_Task brief:_ Without the images, repeat every line of the listing exactly.

_Recorded information:_

····················

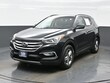  Hyundai Santa Fe Sport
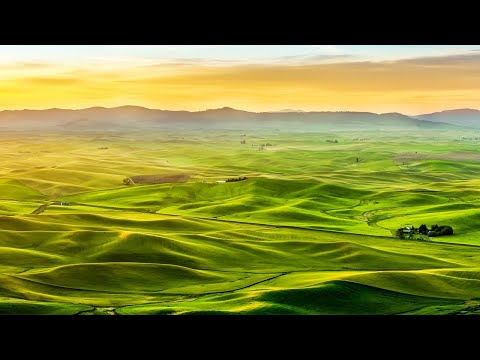 25 Most Beautiful Destinations in America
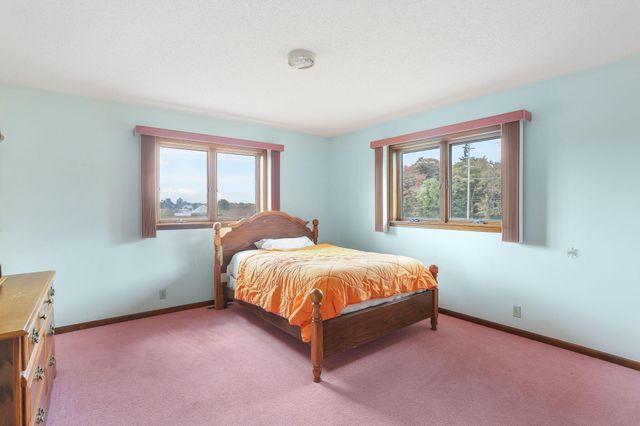 2861 W Polk Road, Hart Twp, MI 49420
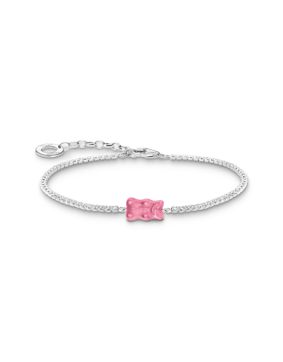 Thomas Sabo Haribo tennis armband A2187-052-9-L19V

····················

_Exercise answer:_
  Hyundai Santa Fe Sport
 25 Most Beautiful Destinations in America
 2861 W Polk Road, Hart Twp, MI 49420
 Thomas Sabo Haribo tennis armband A2187-052-9-L19V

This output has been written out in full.